**WORK ORDER**
Skip the pictures. Transcribe the rest of the data below without changing a word.

SUPPLIED DATA section start

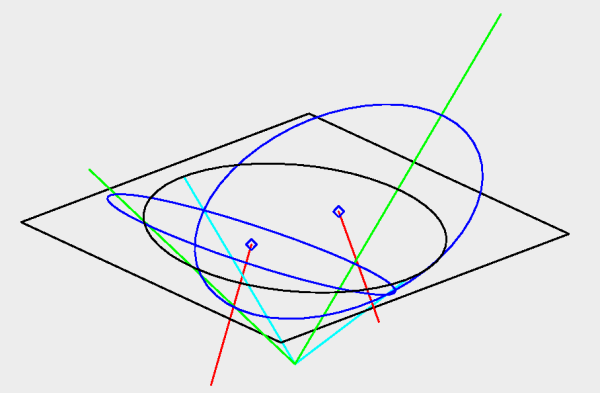 circle reconstruction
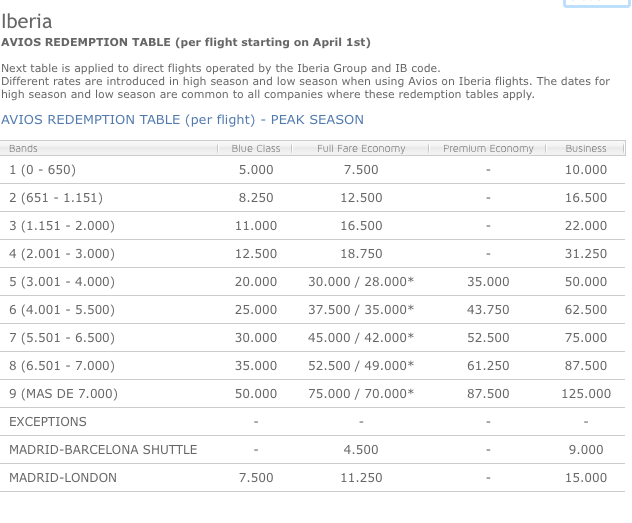 Iberia 25% Off On All Awards!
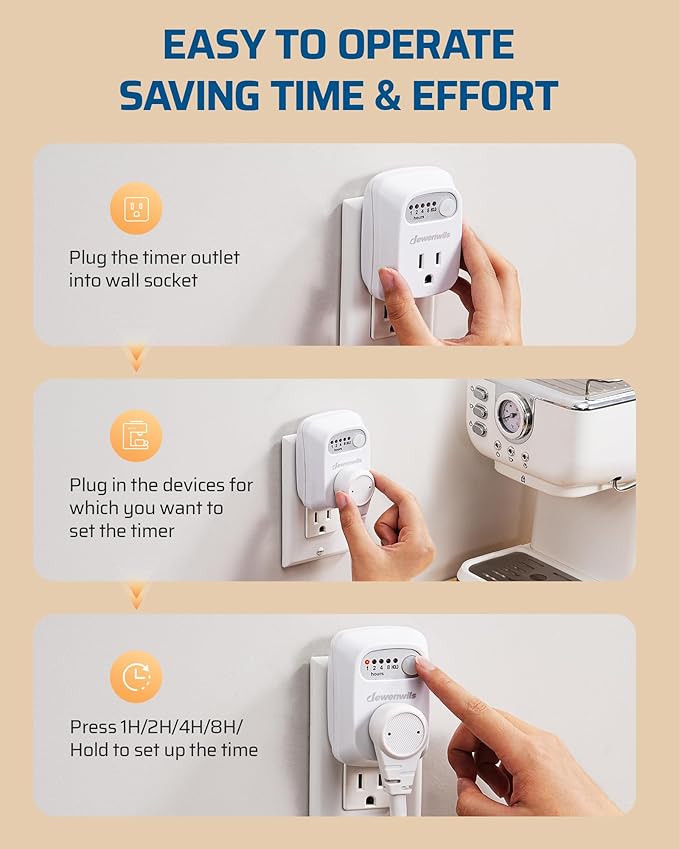 DEWENWILS Indoor Countdown Timer Outlet 2Pack, Timers for Electrical Outlets, 125V/15A/1000W Auto Shut Off Safety Outlet, One 3-Prong Grounded Outlet, Light Timers, 1/3 HP, UL Listed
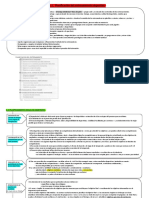 Intervención psicológica en el deporte de alto rendimiento  Tema 3.- Planificación del entrenamiento deportivo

SUPPLIED DATA section end

**ANSWER FOR THIS EXERCISE**
 circle reconstruction
 Iberia 25% Off On All Awards!
 DEWENWILS Indoor Countdown Timer Outlet 2Pack, Timers for Electrical Outlets, 125V/15A/1000W Auto Shut Off Safety Outlet, One 3-Prong Grounded Outlet, Light Timers, 1/3 HP, UL Listed
 Intervención psicológica en el deporte de alto rendimiento  Tema 3.- Planificación del entrenamiento deportivo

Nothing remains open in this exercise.